Correcting the entropy for errors introduced by low modes

useful papers

"Pitfalls in Computational Modeling of Chemical Reactions and How To Avoid Them" https://pubs.acs.org/doi/10.1021/acs.organomet.8b00456

"Use of Solution-Phase Vibrational Frequencies in Continuum Models for the Free Energy of Solvation" https://pubs.acs.org/doi/abs/10.1021/jp205508z

"Supramolecular Binding Thermodynamics by Dispersion-Corrected DensityFunctional Theory" https://onlinelibrary.wiley.com/doi/epdf/10.1002/chem.201200497

why the correction is needed

• low energy modes can be; cluster breathing and torsion modes, real vibrations or the result of hindered rotors, and they can also be due to computational artefacts. Changes in convergence or in geometry can shift these modes in wavenumber.
• this combines to be an important issue because low energy modes contribute significantly to the entropy term, after-all these modes are about sampling configuration space, the lower the mode, the more space can be sampled the larger the entropy
• close to 0cm^-1 small changes in frequency can lead to large changes in entropy corrections!
• in addition vibrations and rotations contribute through different formulae to the entropy
• lastly small changes in geometry especially in loose clusters or transition states can move a mode in and out of the cut-off region used by many codes
• the cut-off at which point some treatment of low modes needs to be made differs, but generally modes under 50-150cm^-1 can be simply missed out or set to a given value to avoid large errors, (this number is for room tem 298.15 Kelvin, and should be increased for higher temperatures!)
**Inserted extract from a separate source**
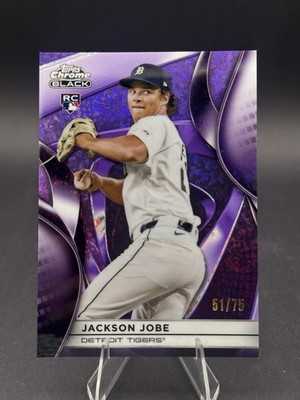 2025 Topps Chrome Black Jackson Jobe #60 Purple Mini-Diamond Refractor /75 (RC)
how to carry out the correction

• GoodVibes is a python code available to calculate corrections to the entropy for Gaussian output files https://github.com/bobbypaton/GoodVibes

Cramer and Truhlar approach all frequencies below the cut-off are uniformly shifted up to the cut-off value before entropy calculation in the RRHO approximation

Grimme approach all frequencies below the cut-off are obtained from the free-rotor approximation, for those above the RRHO expression is retained

the program will attempt to parse the level of theory and basis set used in the calculations and then try to apply the appropriate vibrational (zpe) scaling factor aken from the Truhlar group database.
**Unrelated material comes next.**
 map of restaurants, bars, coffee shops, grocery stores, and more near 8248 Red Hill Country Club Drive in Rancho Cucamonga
• install the code as instructed on the website
• example

python -m goodvibes test.log -q grimme -f 100 -t 298.15 -v 1.0

the -m allows python codes not in the standard path be used, however one problem is that you cannot have any other python codes in the directory!
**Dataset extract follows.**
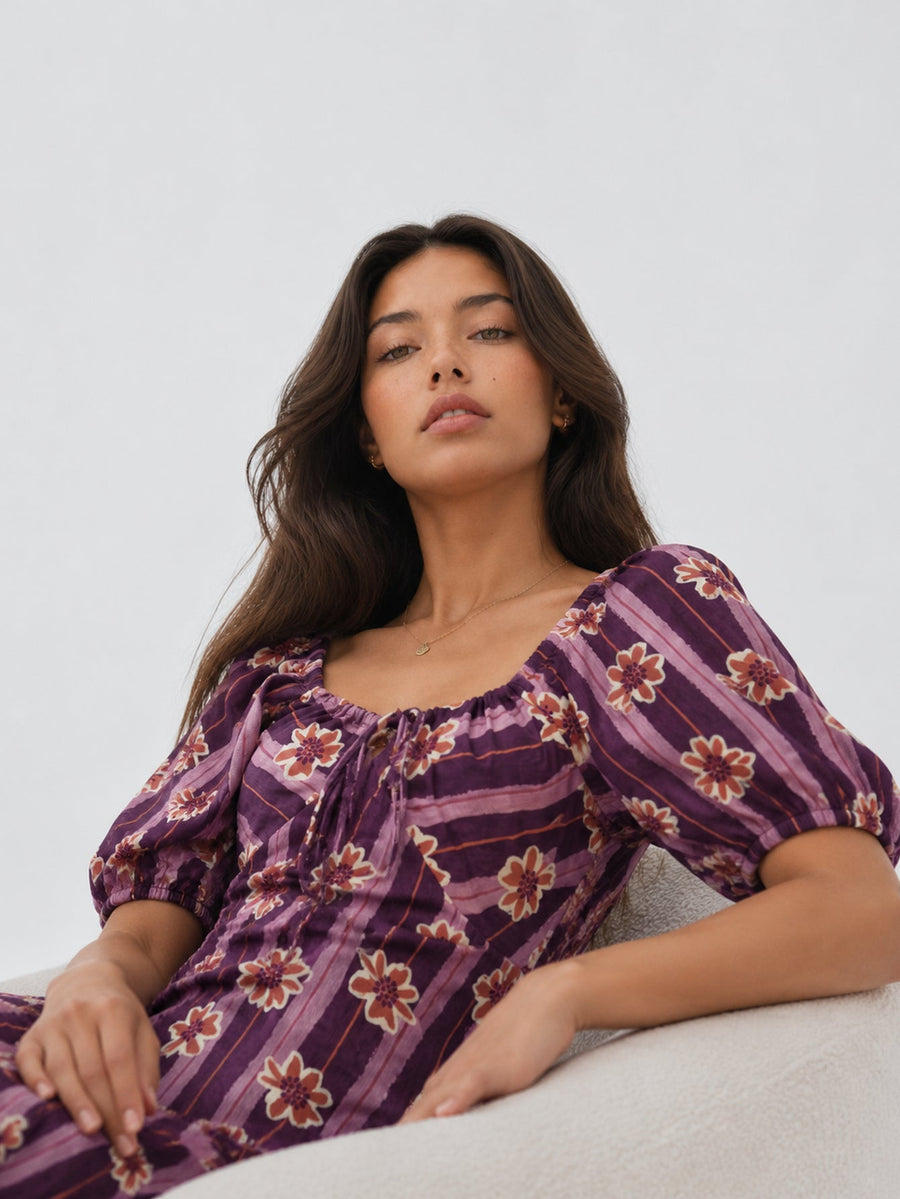 robe midi violette décolleté carré avec lien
-q truhlar or -q grimme, Grimme is the default

-f x specifies a cut-off frequency in wavenumbers, the default is 100

-t x specifies the temperature in Kelvin

-c corrects for liquids (gas is the standard 1atm) but a liquid should be 1 mol/L

-v x applies a scaling factor for harmonic frequencies based on Truhlar group, use -v 1.0 when no scaling is desired, gaussian uses 1/1.2=0.8929 by default

there are more options see the program notes!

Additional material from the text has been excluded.